After each experiment, all mosquitoes in the release chamber and the test chamber were collected using a mouth aspirator. The free-flight room was wiped down with 75% ethanol and force-ventilated for 30 minutes between tests to remove any potential insecticide or human volatiles. The participants washed all limbs with fragrance-free soap (Boots, UK), water and 75% ethanol after each test. New mosquitoes were used for each test with all treatments being tested once in the same day. The 4 treatments (FCT, PCT, FCC and PCC) and a negative control of PCC clothing were allocated according to a Latin square design blocked across 5 hours. The same participant was used to test all treatments in a single day. In total, twelve participants (6 male and 6 female) were used across the two experiments, with each experiment consisting of 6 participants with a 1:1 male/female ratio.

Residual efficacy on skin

The purpose of this experiment was to establish whether permethrin was transferred from treated clothing onto the skin surface and whether it accumulated in a sufficient amount to affect mosquito behaviour, KD or mortality. Ten participants tested a permethrin-treated and an untreated sleeve. Participant and investigator were blinded to the treatments. Participants wore the sleeves for up to 7 hours per day for 5 days, after which time the sleeves were removed. Five 7–8 day old non-blood fed mosquitoes were aspirated into an exposure chamber (Fig 2) attached to the participant’s forearm. One chamber was placed onto the forearm that had been exposed to the treated sleeve and one chamber attached to the unexposed arm and mosquitoes were inserted into the chamber. After 3 minutes mosquitoes were removed, placed in holding cups and given 10% glucose in a humidity recovery chamber (25 ± 2°C and 75 ± 10 RH%). This was repeated with new mosquitoes one hour after the first exposure. High-Performance Liquid Chromatography (HPLC) was used to analyse skin swabs taken immediately after wearing the clothing and one hour after to quantify the presence of permethrin. A 3cm x 3cm template was placed on the arm of a participant, and ethanol-soaked cotton buds were used to swab the area at both time points. Swabs were allowed to dry, wrapped in foil and then sealed in centrifuge tubes until processed.

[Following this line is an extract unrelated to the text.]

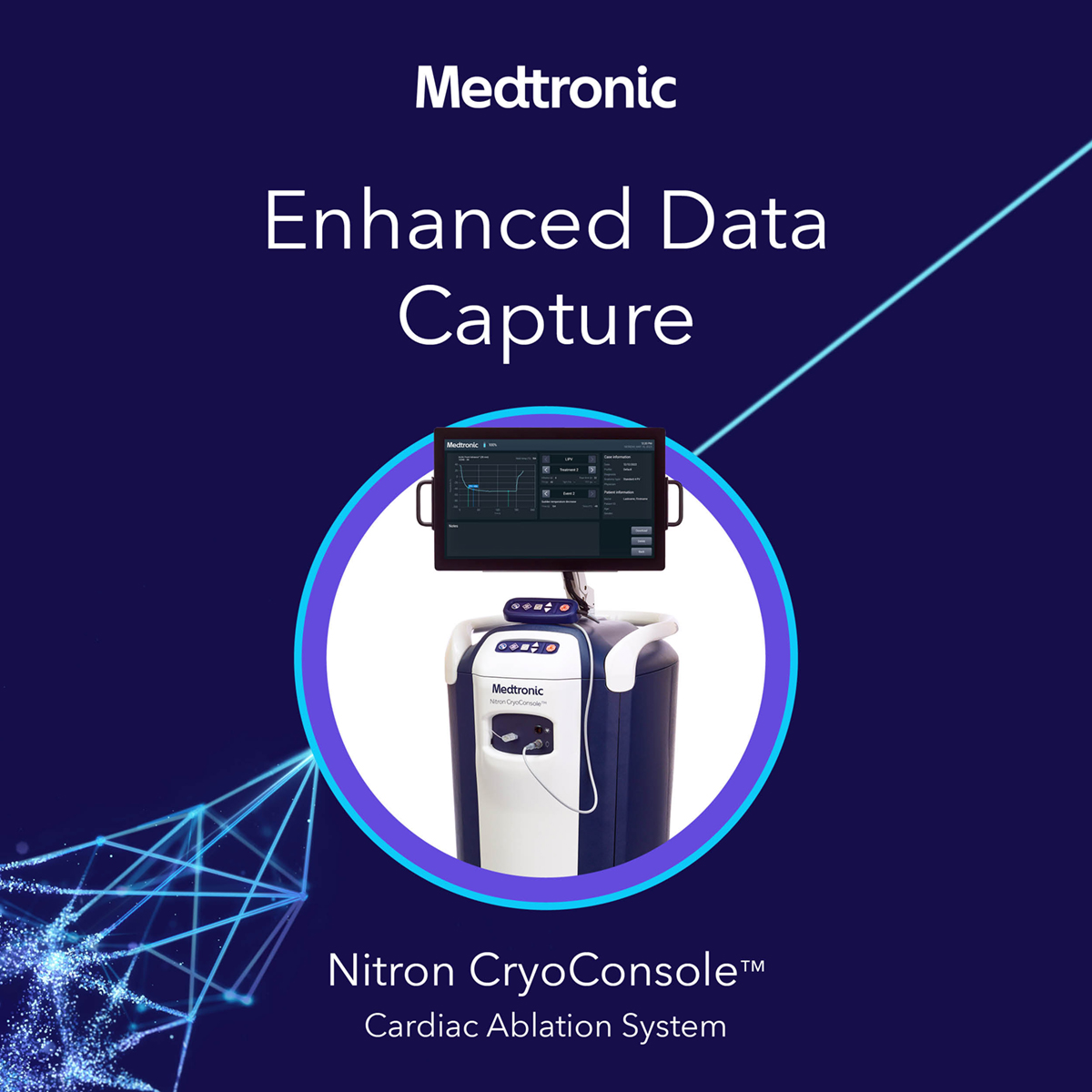 The new Nitron CryoConsole™ system offers enhanced data capture: Automated & customizable key procedural data captures real-time and post-procedure in exportable case summary reports. Learn more: bit.ly/3Uf8rtE See risk/benefit info: bit.ly/3Ug8PZ5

Fig 2. Adapted mosquito holding chamber for skin residual efficacy experiments.

High Pressure Liquid Chromatography (HPLC)

Analyses were carried out using a Dionex Ultimate 3000 range of equipment and software (Camberly, Surrey, UK). Samples were separated on an Acclaim® C18 120 Ǻ (250 x 4.6 mm, Dionex, UK) column eluting with water/acetonitrile (90:10%; v/v) at a flow rate of 2 ml/minute and passed through the photodiode array detector (PDA-100, Dionex) set at 275 nm. The authenticity of the detected peaks was determined by comparison of retention time, spectral extraction at 275 nm and spiking the sample with commercially available standard of the insecticide. A calibration curve of insecticide was generated by Chromeleon (Dionex software) using known amounts of the standard (0–0.4 ug/ml) in acetonitrile injected onto the column. From this curve the amount of insecticide in the matrix was calculated.

Statistical Analysis

Arm-in-cage experiments

A generalised linear model (GLM) was fitted based on a binomial distribution with a logic link. Factors such as temperature, humidity and time of day were included but only factors which were shown to have a significant effect (α = 0.05) were kept in the final model. Comparisons between predicted means for each treatment type were performed using a least significant difference (LSD) post-hoc test with a significance level of 5%. The binary responses for cone assays included number of mosquitoes in the 15 minute KD, 1 hour KD, and 24 hour mortality as well as number of biting and landing mosquitoes. All models were fitted using PROC GLIMMIX implemented in SAS v. 9.3 software [31].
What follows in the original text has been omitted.